### EXERCISE GOAL
Exact copies of the lines from the one holding "grey heron with a fish / WS-01267" through the last line of the entries below are to be printed, with pictures omitted.

### INFORMATION SHOWN
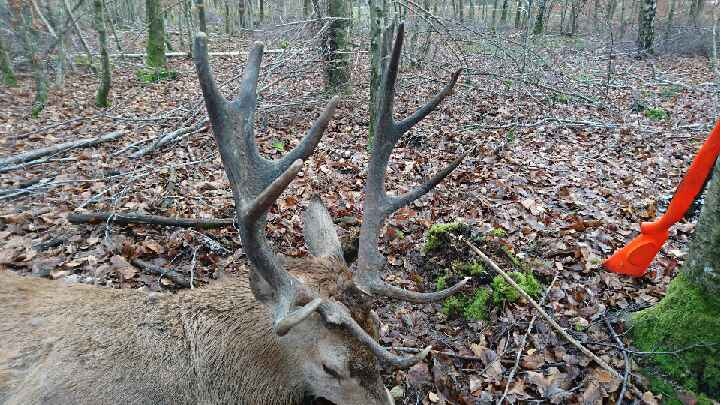 Chasse aux cervids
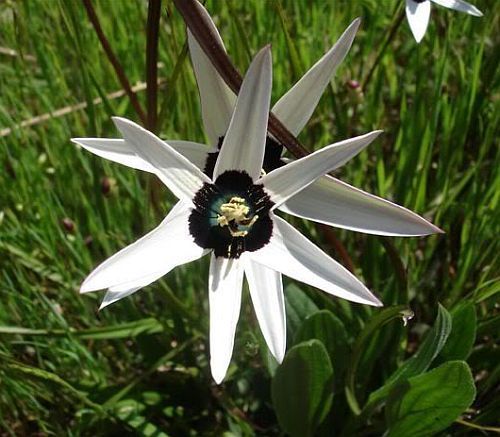 Spiloxene capensis white golden star seeds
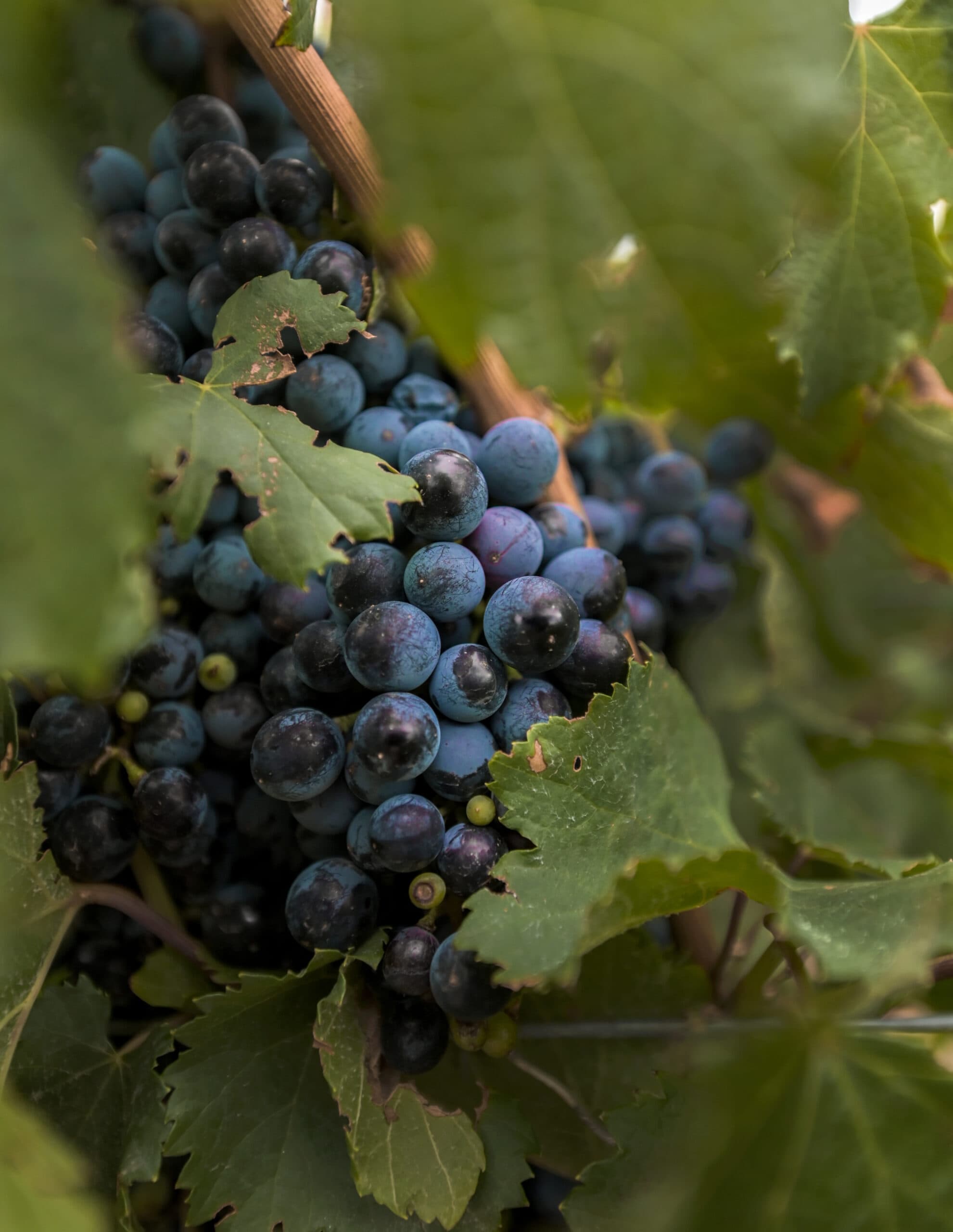 La Rioja y el Petit Verdot: El despertar de un pura sangre
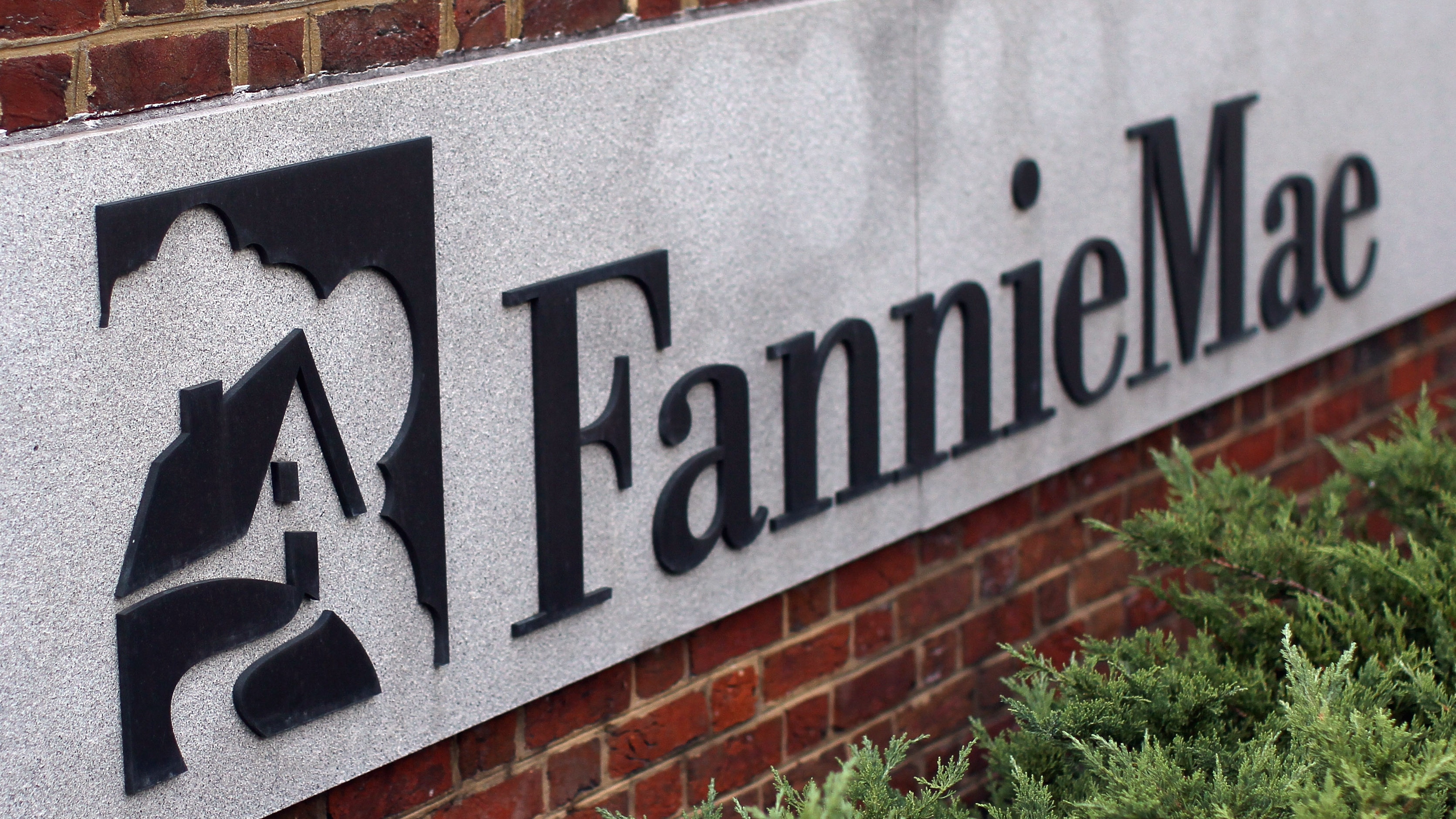 U.S. plans 5% stake sale in Fannie Mae, Freddie Mac in public offering (FNMA:OTCQB)  | Seeking Alpha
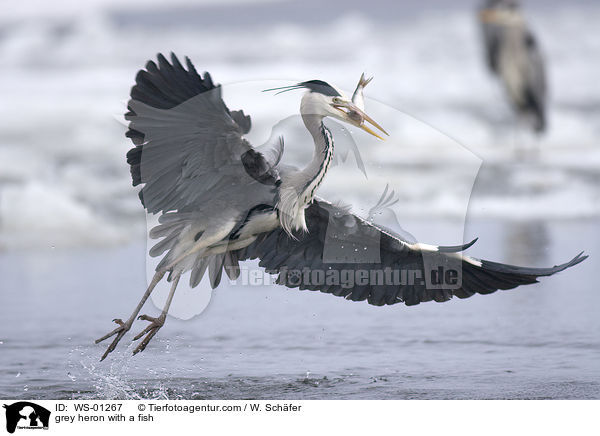 grey heron with a fish / WS-01267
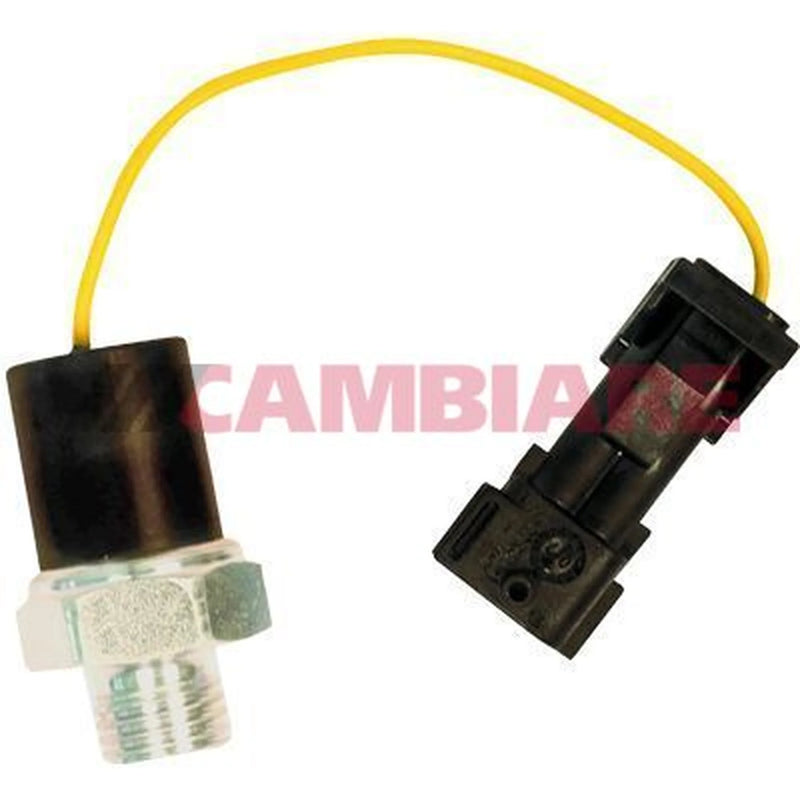 Cambiare Oil Pressure Sensor Switch VE706048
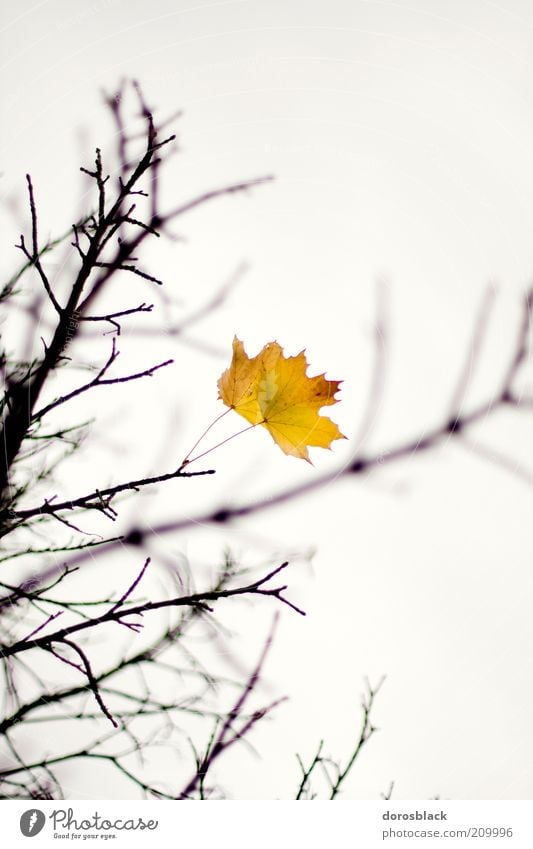 herbst Natur Wolkenloser Himmel Herbst schlechtes Wetter Blatt kalt gelb Baum Ast Zweig Farbfoto Gedeckte Farben Außenaufnahme Menschenleer Textfreiraum oben
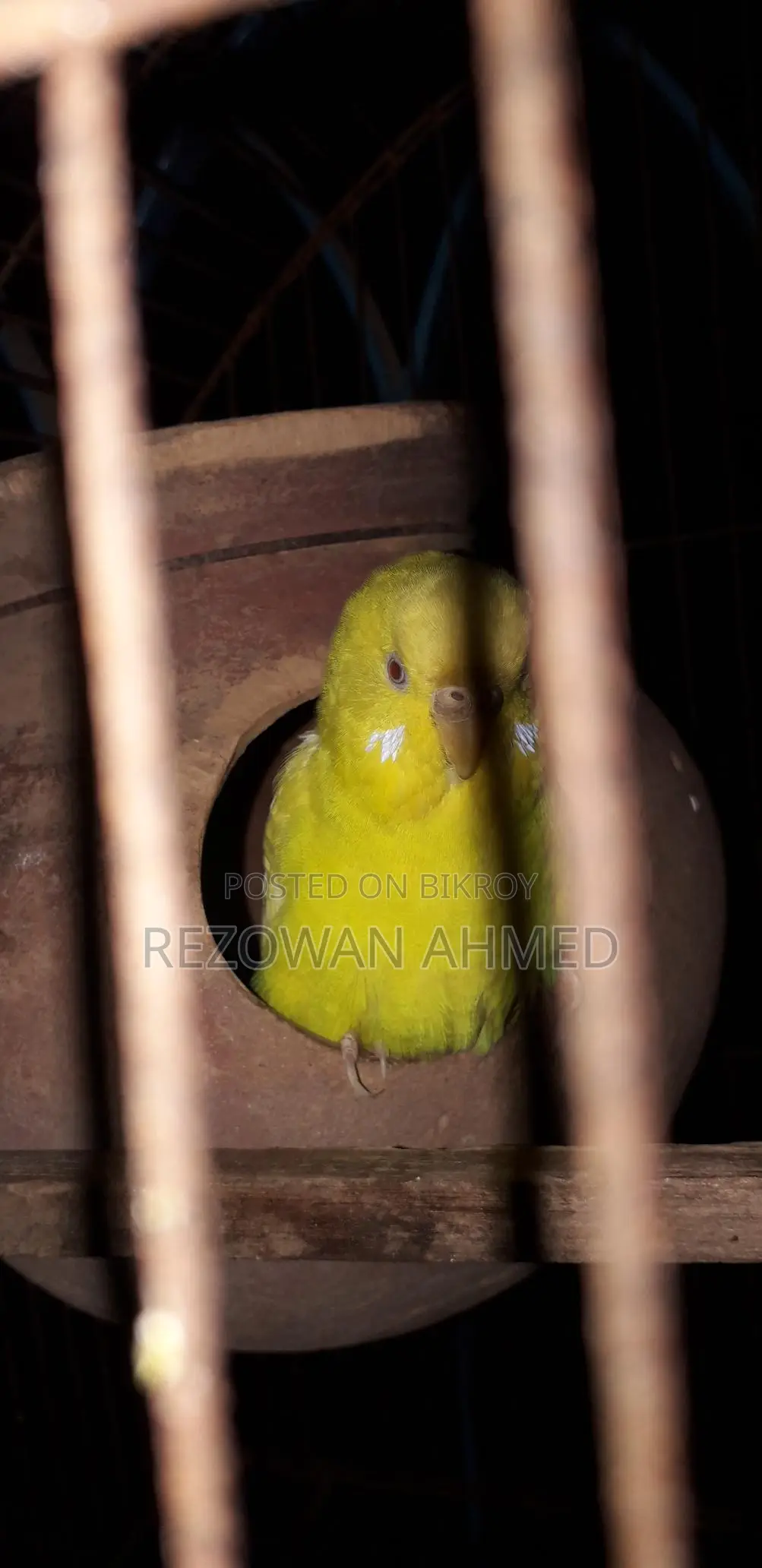 Running Bazigar Birds for Sale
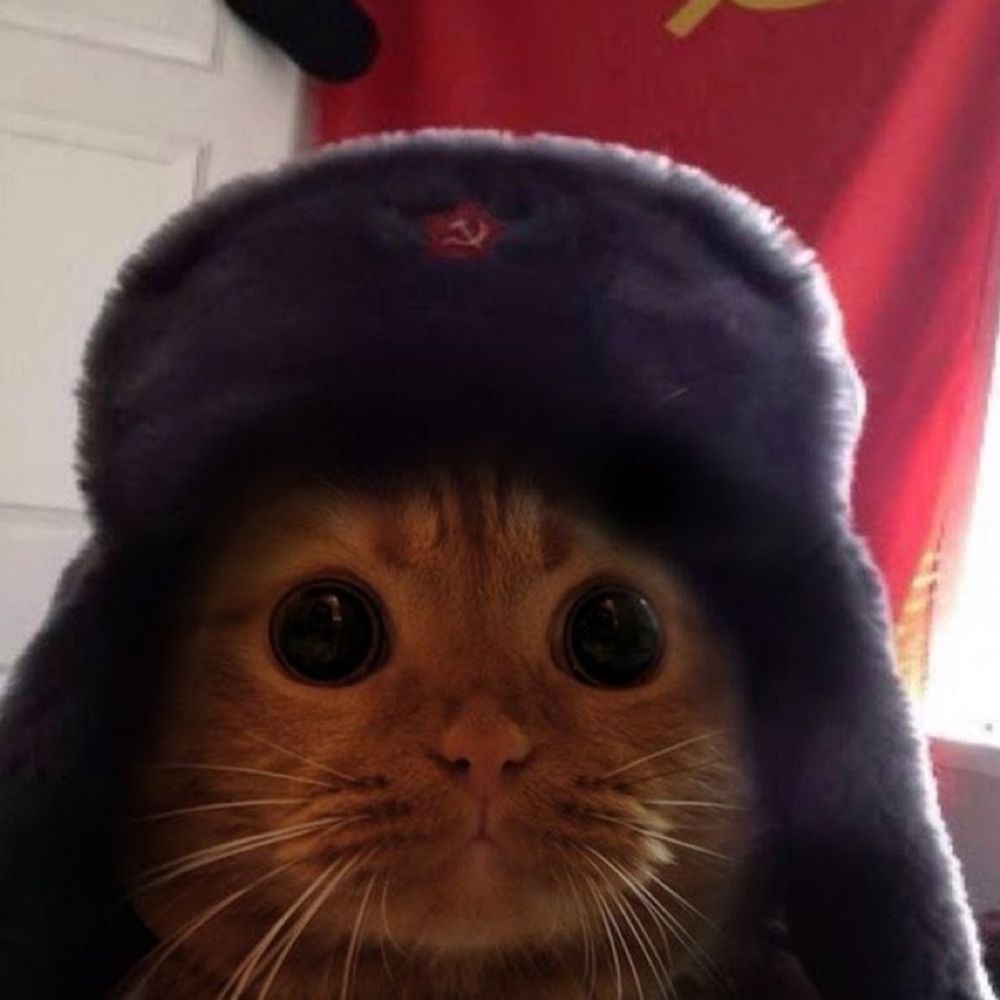 Caz_prower =^•^=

### SOLUTION BELOW
 grey heron with a fish / WS-01267
 Cambiare Oil Pressure Sensor Switch VE706048
 herbst Natur Wolkenloser Himmel Herbst schlechtes Wetter Blatt kalt gelb Baum Ast Zweig Farbfoto Gedeckte Farben Außenaufnahme Menschenleer Textfreiraum oben
 Running Bazigar Birds for Sale
 Caz_prower =^•^=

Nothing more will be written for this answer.